4. The system of claim 3, wherein the plurality of different classifications comprise: a first class of trailers that are less than a first length, a second class of trailers that are between the first length and a second length, and a third class of trailers that are greater than the second length.
5. The system of claim 3, wherein the model comprises one or more regression models.
6. The system of claim 3, wherein the model comprises at least two regression models, and each of the at least two regression models is associated with a different classification from the plurality of different classifications.
7. The system of claim 1, wherein the distribution of zero-range-rate detections includes groups of zero-range-rate targets detected at sequential intervals of potential trailer lengths that extend behind the host vehicle.
8. The system in accordance with claim 7, wherein the intervals of potential trailer lengths are each less than or equal to about 0.2-meters.
9. The system of claim 1, further comprising the host vehicle.
10. A non-transitory computer-readable media comprising instructions that, when executed, configure a processor of a host vehicle to:
- communicate, with a radar unit of the host vehicle, to obtain radar detections from behind the host vehicle as a trailer is towed behind the host vehicle;
- determine, with the radar unit, a distribution of zero-range-rate detections obtained from behind the host vehicle;
- determine, based on the distribution of zero-range-rate detections, a length of the trailer being towed behind the host vehicle by: inputting the distribution of zero-range-rate detections into a model configured to predict a trailer classification; and determining, based in part on the trailer classification, the length of the trailer; and
- adjust, based on the length of the trailer, an estimated dimension of a blind zone associated with the trailer.
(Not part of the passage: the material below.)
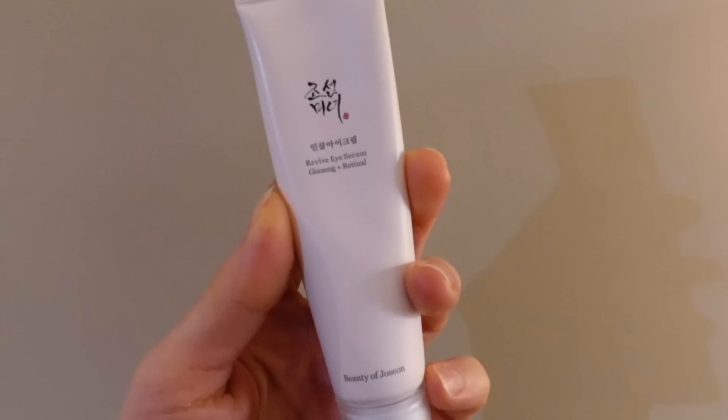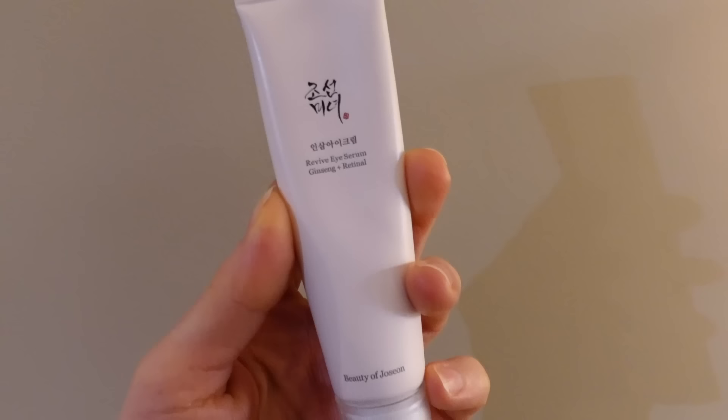Y'all really seem to be enjoying the best of 2022 series so far. A brand that I discovered this year is Beauty of Joseon. They have a retinaldehyde eye cream — what eye cream? This product has retinaldehyde in it.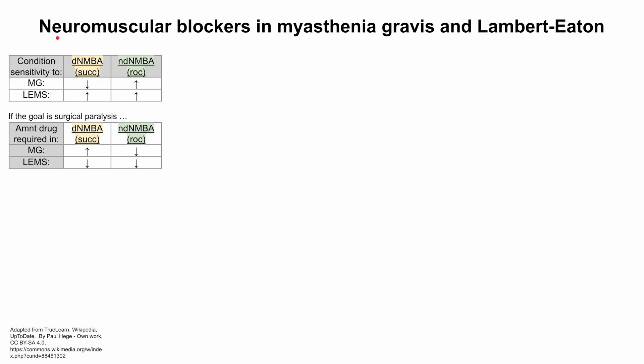This is a review of how neuromuscular blocking agents work in neuromuscular disorders like myasthenia gravis and Lambert-Eaton myasthenic syndrome. We'll be talking about these two disorders and the two types of neuromuscular blocking agents: the depolarizing neuromuscular blocking agents like succinylcholine, and the non-depolarizing agents like rocuronium.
11. The computer-readable media of claim 10,
- wherein the model comprises at least two regression models configured to predict the trailer classification to be one of a plurality of different classifications including the trailer classification predicted by the model, and
- wherein each of the at least two regression models is associated with a different classification from the plurality of different classifications.
12. The computer-readable media of claim 11, wherein the plurality of different classifications comprise: a first class of trailers that are less than a first length, a second class of trailers that are between the first length and a second length, and a third class of trailers that are greater than the second length.
13. The computer-readable media of claim 10, wherein the distribution of zero-range-rate detections includes groups of zero-range-rate targets detected at sequential intervals of potential trailer lengths that extend behind the host vehicle.
14. The computer-readable media of claim 13, wherein the sequential intervals of potential trailer lengths are each less than or equal to about 0.2-meters.
15. The computer-readable media of claim 13, wherein the instructions, when executed, further configure the processor of the host vehicle to determine the groups of zero-range-rate targets during a finite time period.
16. A method comprising:
- obtaining, by a processor of a radar unit of a host vehicle, radar detections obtained from behind the host vehicle as a trailer is towed behind the host vehicle;
- determining, by the processor, a distribution of zero-range-rate detections obtained from behind the host vehicle;
- determining, by processor, and based on the distribution of zero-range-rate detections, a length of the trailer being towed behind the host vehicle by: inputting the distribution of zero-range-rate detections into a model configured to predict trailer a tailer classification; and determining, based in part on the trailer classification, the length of the trailer; and
- adjusting, by a controller circuit of the host vehicle and based on the length of the trailer, an estimated dimension of a blind zone associated with the trailer.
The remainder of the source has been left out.